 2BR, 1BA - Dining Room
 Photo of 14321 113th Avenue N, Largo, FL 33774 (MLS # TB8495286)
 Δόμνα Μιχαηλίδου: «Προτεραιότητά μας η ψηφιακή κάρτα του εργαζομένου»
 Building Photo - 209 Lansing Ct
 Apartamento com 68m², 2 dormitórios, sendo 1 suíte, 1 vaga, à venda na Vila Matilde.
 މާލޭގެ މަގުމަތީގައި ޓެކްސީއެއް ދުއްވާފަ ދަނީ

* * *

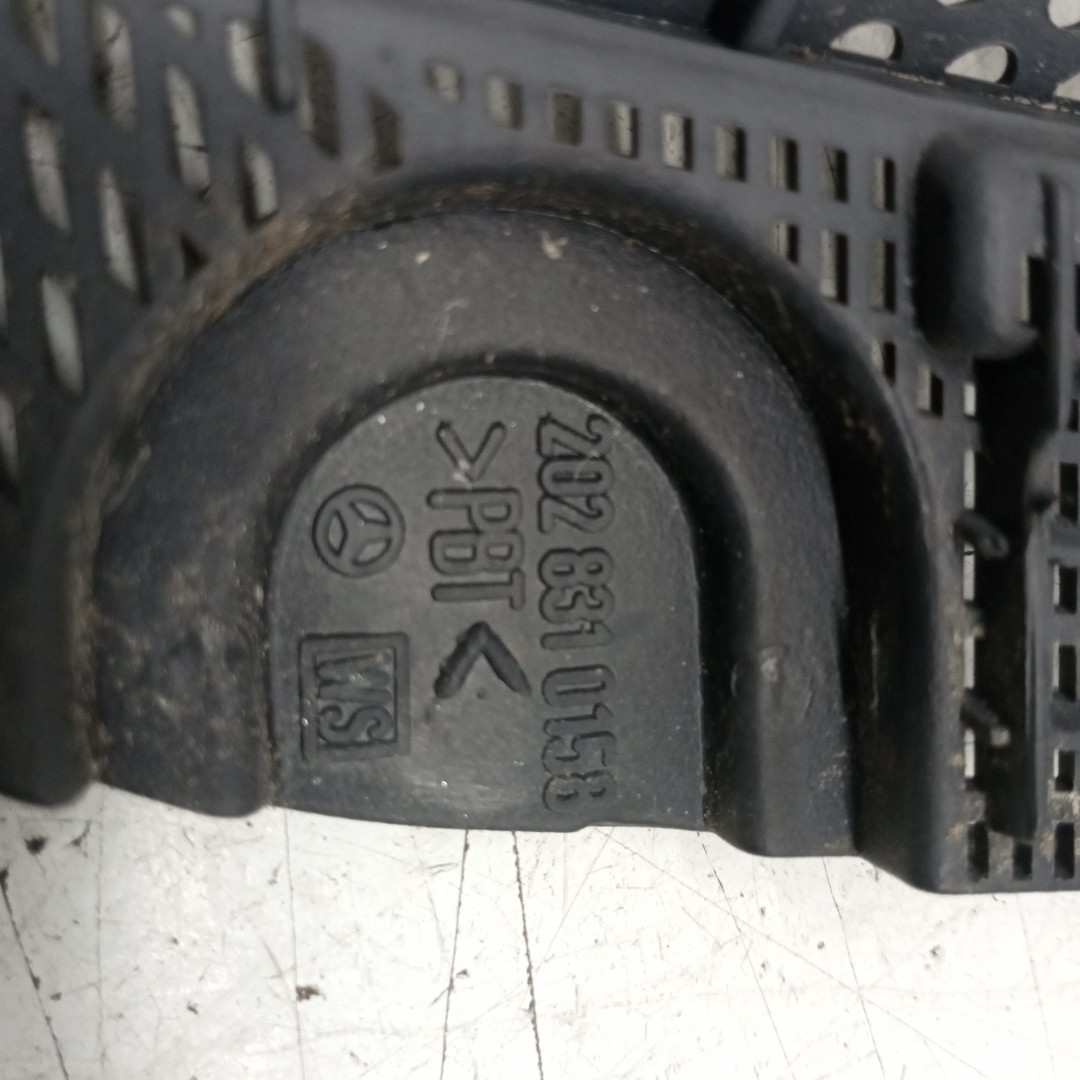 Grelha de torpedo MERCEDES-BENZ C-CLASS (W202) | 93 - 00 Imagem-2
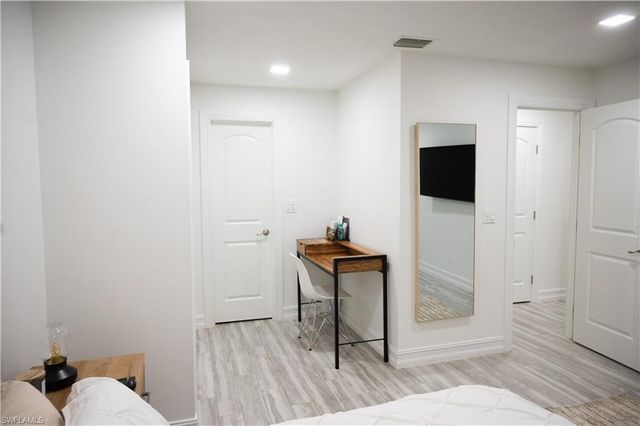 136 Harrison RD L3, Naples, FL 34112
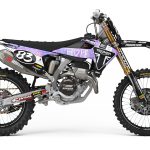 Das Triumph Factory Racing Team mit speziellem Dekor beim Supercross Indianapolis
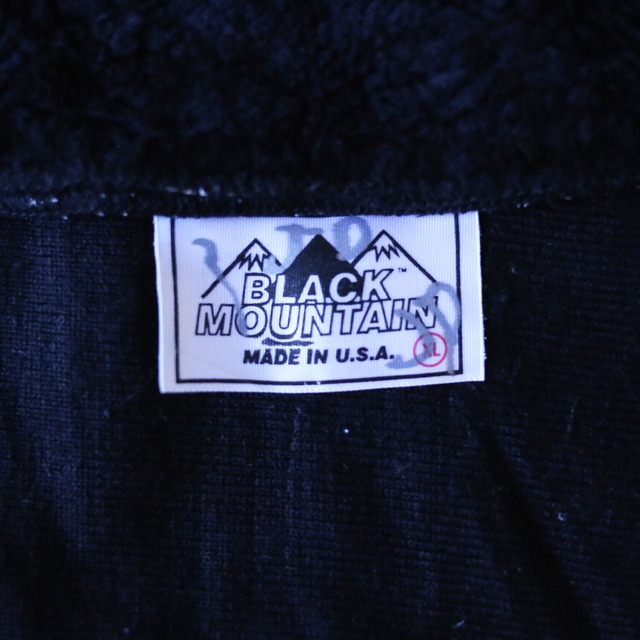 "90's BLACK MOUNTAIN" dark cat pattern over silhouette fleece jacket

...

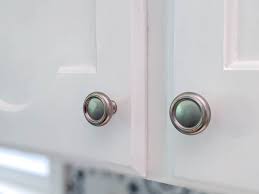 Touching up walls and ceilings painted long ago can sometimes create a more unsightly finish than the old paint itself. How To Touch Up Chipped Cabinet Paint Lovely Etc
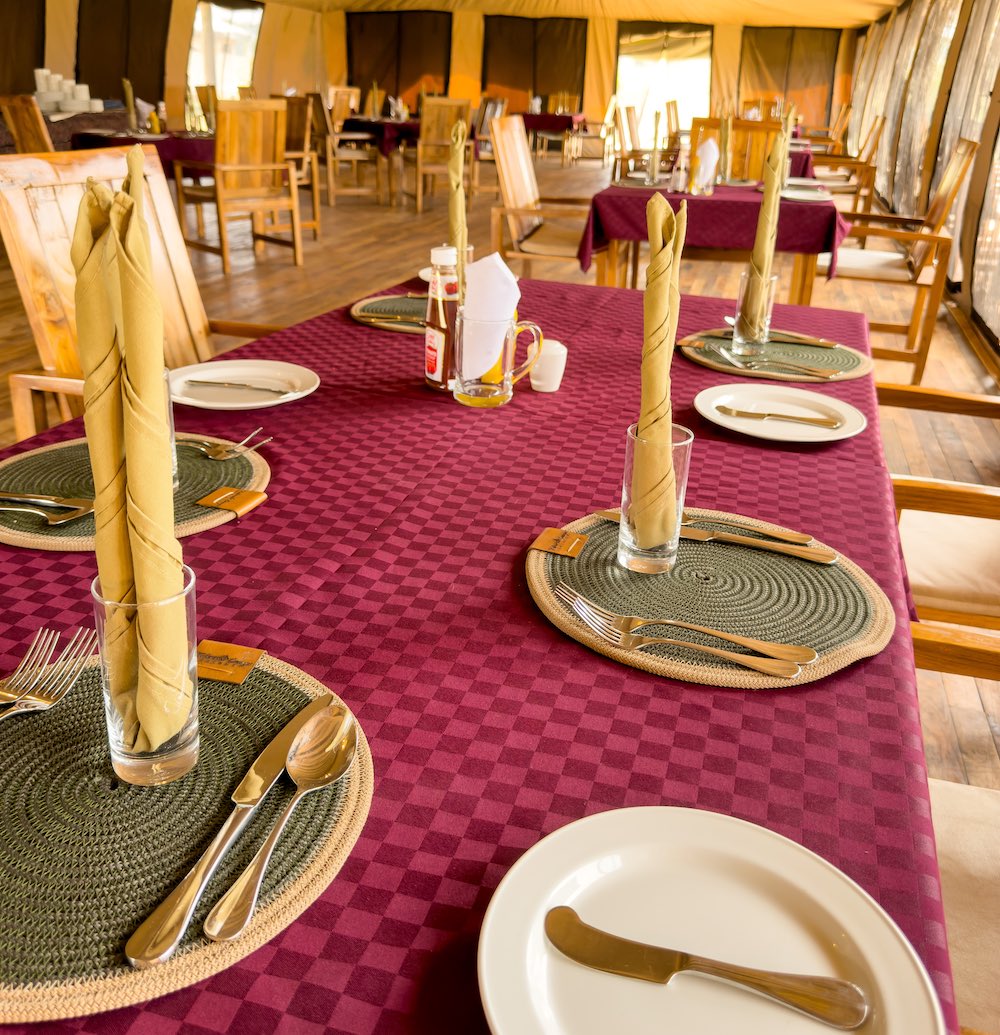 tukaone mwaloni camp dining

**Problem to work on**
Copy each line from the data above that includes "Photo".

**Completed exercise**
 Photo of 14321 113th Avenue N, Largo, FL 33774 (MLS # TB8495286)
 Building Photo - 209 Lansing Ct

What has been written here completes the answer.